The iPhone 5, iPhone 5c, and iPhone 5s models all are quite capable and the decision likely will come down to whether performance, appearance, or price are most important to you.
If upfront price is not a concern, you want your iPhone to be usable for as long as possible from the date of purchase, and both speed and camera quality are important to you, the iPhone 5s is the clear choice. You also may find the iPhone 5s the best choice simply because you like the "pimp" gold color option or you find yourself forgetting your passcode on a regular basis and a biometric fingerprint unlock option would be particularly handy.

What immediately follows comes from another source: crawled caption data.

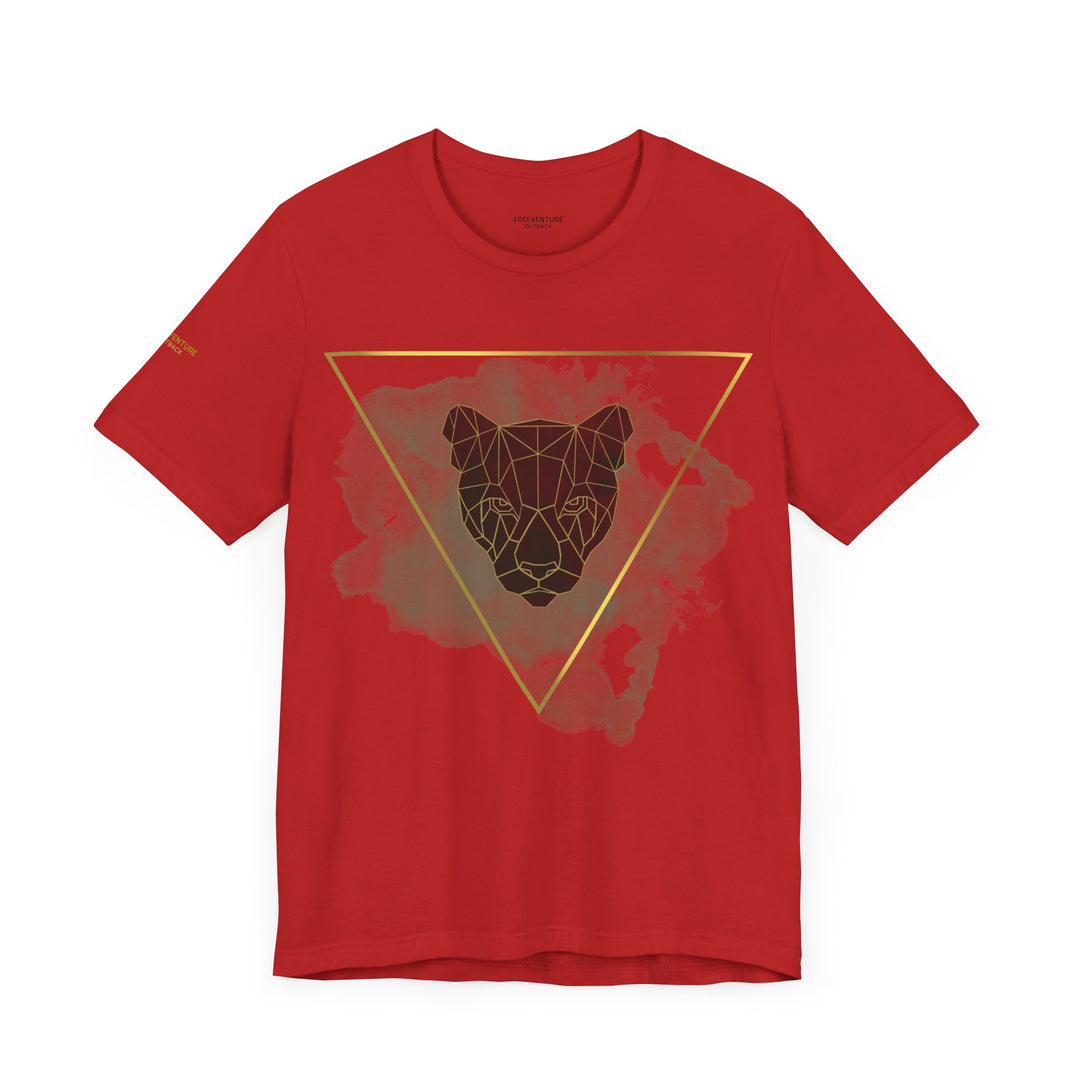 Unisex Jersey Shirt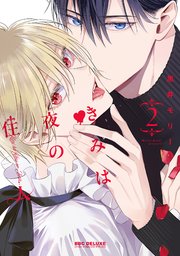 きみは夜の住人 2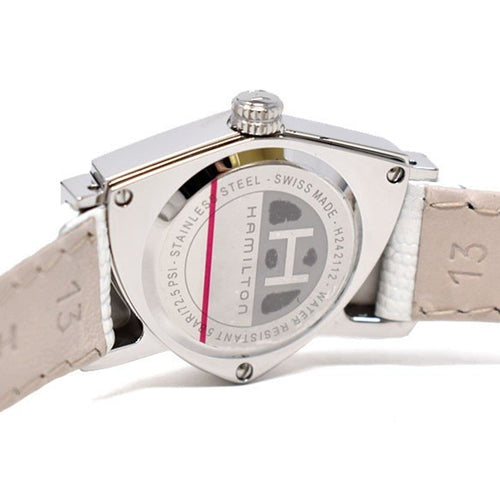 Hamilton Donna H24211852 Ventura Quarzo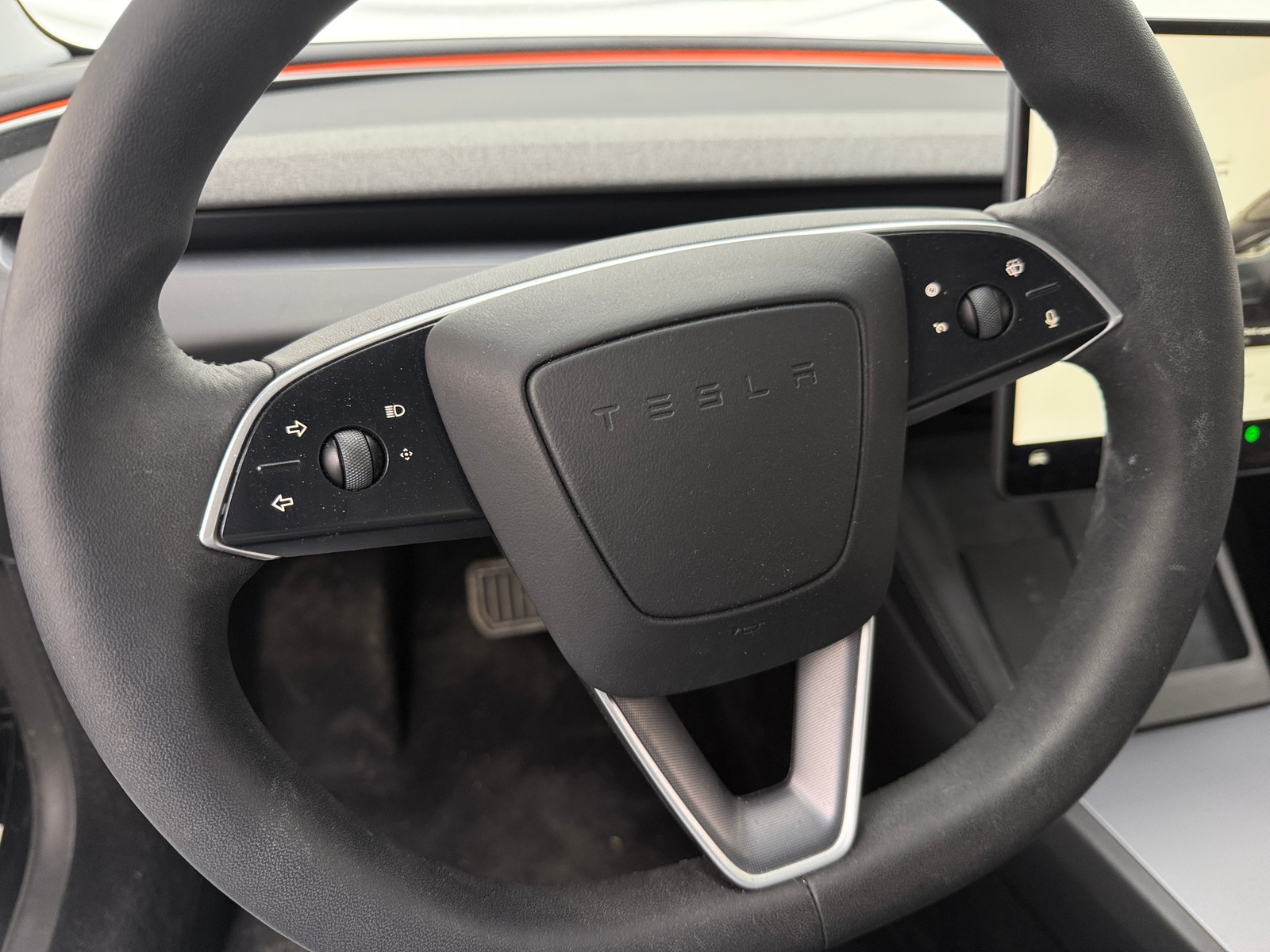 Thumbnail: 2024 Tesla Model 3 - 4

If upfront price is more of a concern or you like a bright "candy colored" design, and performance and the camera are less important, the iPhone 5c is a solid choice. Of course, internally, the iPhone 5c is quite similar to the iPhone 5, and if you prefer a more subdued design and an even lower price tag on the used market, the iPhone 5 remains well worth consideration, too.